● **Brief**
Filter by the string "Size": return the lines of the material that contain it.

● **Records supplied**
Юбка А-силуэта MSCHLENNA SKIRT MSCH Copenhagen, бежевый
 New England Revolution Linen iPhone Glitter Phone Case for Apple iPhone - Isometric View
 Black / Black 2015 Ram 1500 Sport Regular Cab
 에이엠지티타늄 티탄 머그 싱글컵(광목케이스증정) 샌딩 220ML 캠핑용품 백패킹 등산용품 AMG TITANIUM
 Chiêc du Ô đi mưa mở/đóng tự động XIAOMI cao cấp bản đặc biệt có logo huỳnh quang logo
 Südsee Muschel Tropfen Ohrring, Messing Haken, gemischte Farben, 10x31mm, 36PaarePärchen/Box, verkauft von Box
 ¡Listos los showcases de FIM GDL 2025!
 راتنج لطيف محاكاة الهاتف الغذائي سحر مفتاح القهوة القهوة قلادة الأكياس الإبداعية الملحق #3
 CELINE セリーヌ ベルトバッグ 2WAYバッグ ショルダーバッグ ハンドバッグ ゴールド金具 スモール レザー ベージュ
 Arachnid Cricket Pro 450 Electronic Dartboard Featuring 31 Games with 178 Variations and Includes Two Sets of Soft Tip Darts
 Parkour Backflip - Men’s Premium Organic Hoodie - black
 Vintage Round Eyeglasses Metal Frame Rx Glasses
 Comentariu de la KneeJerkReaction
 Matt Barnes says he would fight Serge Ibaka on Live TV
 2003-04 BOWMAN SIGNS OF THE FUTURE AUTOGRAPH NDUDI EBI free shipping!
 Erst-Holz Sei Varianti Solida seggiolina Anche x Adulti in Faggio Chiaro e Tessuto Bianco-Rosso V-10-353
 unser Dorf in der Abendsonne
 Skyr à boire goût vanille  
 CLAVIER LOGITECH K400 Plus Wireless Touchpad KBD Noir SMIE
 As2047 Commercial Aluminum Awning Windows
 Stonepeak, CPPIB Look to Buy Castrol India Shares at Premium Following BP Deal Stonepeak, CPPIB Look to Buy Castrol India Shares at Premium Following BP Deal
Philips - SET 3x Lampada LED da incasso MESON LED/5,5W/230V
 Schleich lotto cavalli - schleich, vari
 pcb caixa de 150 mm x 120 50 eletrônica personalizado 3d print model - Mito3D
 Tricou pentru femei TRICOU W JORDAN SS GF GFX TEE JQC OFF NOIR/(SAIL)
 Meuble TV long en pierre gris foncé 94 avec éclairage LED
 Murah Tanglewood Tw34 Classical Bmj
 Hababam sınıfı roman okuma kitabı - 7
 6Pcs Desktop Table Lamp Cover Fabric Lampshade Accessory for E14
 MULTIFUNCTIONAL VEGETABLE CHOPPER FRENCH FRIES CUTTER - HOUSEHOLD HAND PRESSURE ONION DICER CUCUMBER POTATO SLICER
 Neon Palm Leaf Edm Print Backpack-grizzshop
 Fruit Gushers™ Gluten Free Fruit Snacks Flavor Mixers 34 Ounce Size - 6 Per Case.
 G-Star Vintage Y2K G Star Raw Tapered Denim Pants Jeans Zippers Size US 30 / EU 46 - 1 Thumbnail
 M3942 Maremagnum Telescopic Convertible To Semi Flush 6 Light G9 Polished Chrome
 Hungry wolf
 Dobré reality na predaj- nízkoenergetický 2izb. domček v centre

● **Solution below**
 Fruit Gushers™ Gluten Free Fruit Snacks Flavor Mixers 34 Ounce Size - 6 Per Case.
 G-Star Vintage Y2K G Star Raw Tapered Denim Pants Jeans Zippers Size US 30 / EU 46 - 1 Thumbnail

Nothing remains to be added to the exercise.